The Somaliland Sun reports that the Government of Somaliland has informed the visiting head of the new United Nations Mission to Somalia (UNSOM) that Somaliland will not host a UNSOM office. Somaliland wishes to continue hosting and receiving aid through various individual UN agencies and organizations but considers the overall UNSOM mission in support of the Federal Government of Somalia incompatible with Somaliland’s independent status.
In the meantime, the questions of governance for Kismayo and the “Jubaland” region remain an immediate challenge as does the unsettled Somaliland-Puntland border. Somaliland has indicated a desire to strengthen relations with Kenya, which shares a common interest in some degree of regional autonomy for Jubaland on the Kenyan border.

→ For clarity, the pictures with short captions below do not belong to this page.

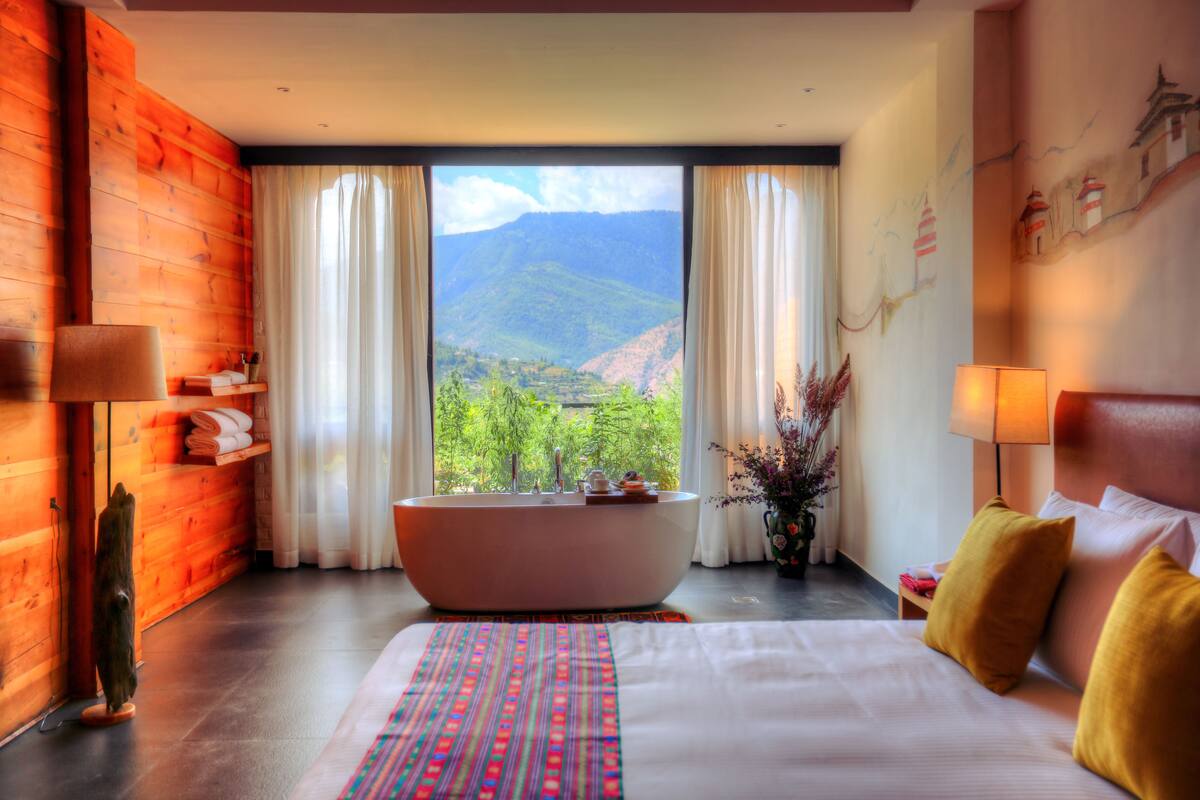 A hotel room with a large bed, a bathtub, and a view of mountains.
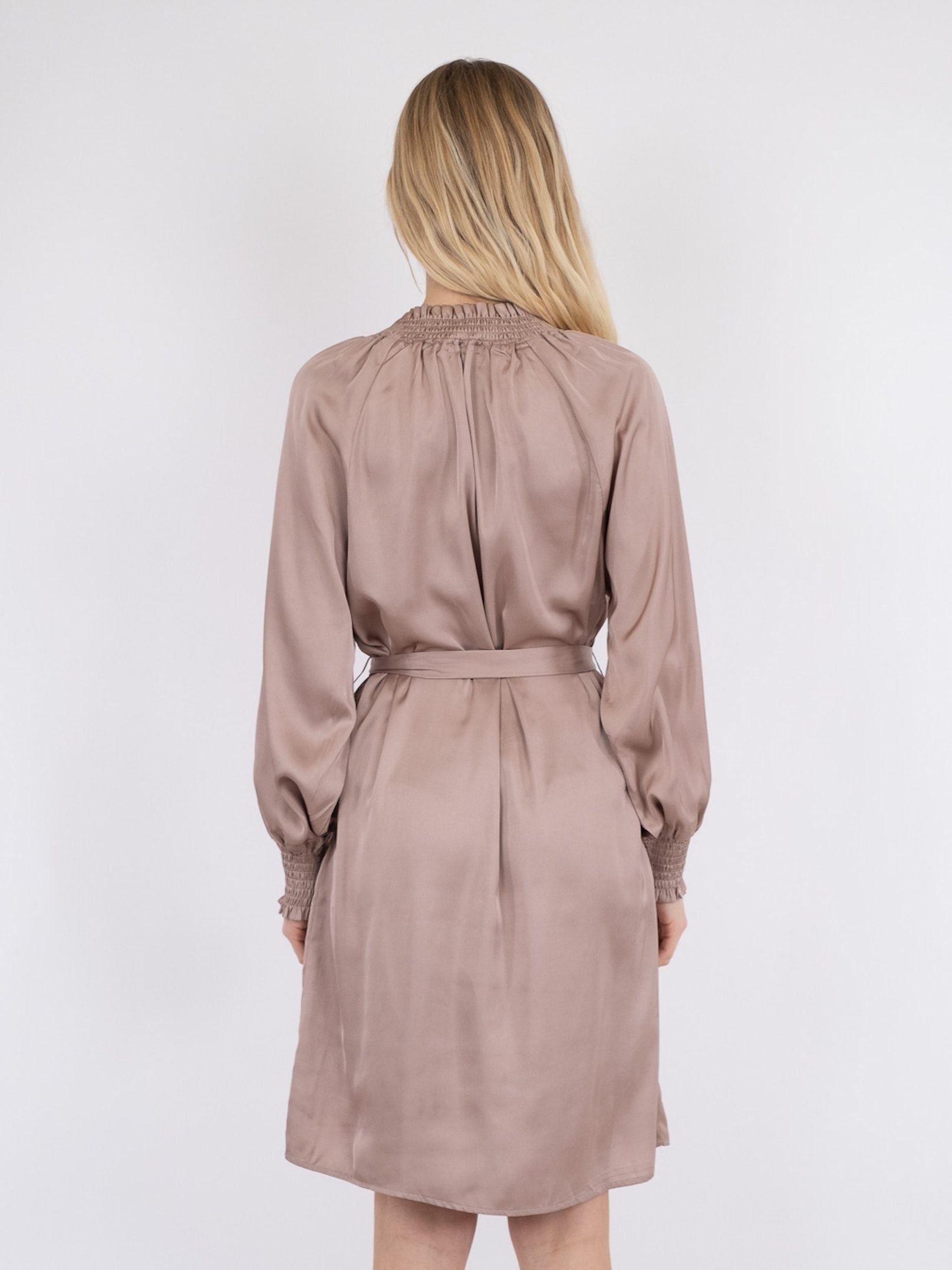 Model i kjole med bindebånd fra Neo Noir, i rosa, bagfra.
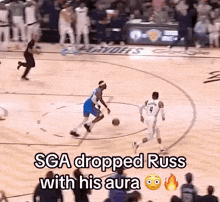 a basketball game is being played on a court with the words sga dropped russ with his aura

Former Ambassador David Shinn recently gave an interview with the Somaliland Sun that will be reassuring to Somalilanders wondering about the impact on them of the U.S. decision this month to give formal recognition to the new Somali government:
While I don’t speak for the U.S. government, I doubt that the formal recognition of the new Somali government will have any significant impact on Washington’s interaction with Somaliland. I believe the U.S. government will continue to work with Somaliland as it has in recent years. While there may not be public references to the two track policy, the separate administration in Somaliland remains a reality and I believe Washington will treat it as such. It is up to the leaders of Somalia and Somaliland to determine the nature of their relationship. I see no indication that the United States has abandoned any commitments reached in last year’s London conference. Nor do I expect this development will change in any perceptible way U.S. policy on combatting piracy in the region.